The drive from El Calefate, Argentina to Torres del Paine National Park in Chile is pretty much a full day over a mix of paved and gravel roads.  No reason to hurry, and anyway, the day began pretty wet.  Our hotel, Rio Serrano, was a welcome sight.  It was pretty luxurious and very near to the south entrance of the national park.  The next morning, breakfast was early; you could quickly take a short walk from the hotel to the Rio Serrano for a sunrise view of the Paine massif.

















A long exposure transformed the flowing river into a smooth mirror reflecting the mountains' sunrise colors. El Chaltén is to the right peeking through a gap in front range of mountains. It was going to be a good day.

We wasted no time getting underway in our autobus. (Think miles of washboard roads.)   Once through the park entrance, the road heads directly for the massif.  The first stop offers a beautiful view with clear reflections of the mountains.  It was a must stop for all visitors entering the park.  (What draws people to this view?  There are multiple subjects - the massif, its reflection, foreground grasses and an expansive mid-range plain.  Oh, be sure to keep it level. )

























This was a quick stop, and we moved on to a closer view with a fascinating foreground that resulted from massive wildfires a decade or more ago.  The compositions here were endless.
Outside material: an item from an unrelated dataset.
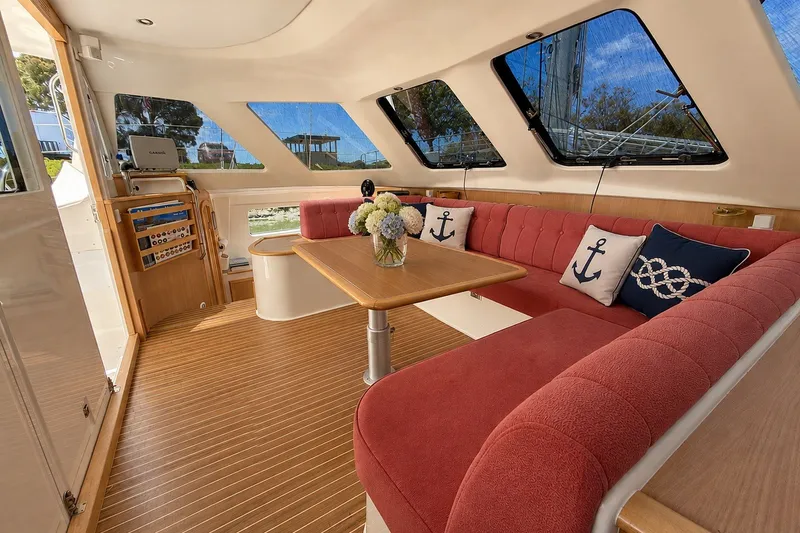 Slide: The Image of Main salon looking to port with Garmin GPS Chart Plotter stowed on swing arm mount - 19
Loved it.

























While the burned trees at our feet were compelling,  there was a message of the sheer brutality of Torre del Paine.  Taking out a longer lens, the granite peak to the right deserved singular attention.  It is simply a smack-down to the viewer seeing the mountain for the first time.  That vertical wall of granite seen in the preceding image as a rather minor part of the composition is on a level with images from Yosemite in California.


Patagonia is not just about mountains, there are also birds, for instance, that thrive in this place.  At our lunch break, the Chimango Caracara appeared looking for food. It is common from southern Bolivia all the way down to Tierra del Fuego.
























Later in the afternoon, another notable bird made an appearance, the Andean Condor.  Think of a bird with a wingspan of 10.5 feet (3-1/4 meters) and weighing up to 30 pounds, that can soar with little effort.  This was one of the most exciting sightings of the trip. It's a bird I'd never expected to actually see, and it was really close.  There were several condors, but this one made a low pass on a nearby ridge.  Wow!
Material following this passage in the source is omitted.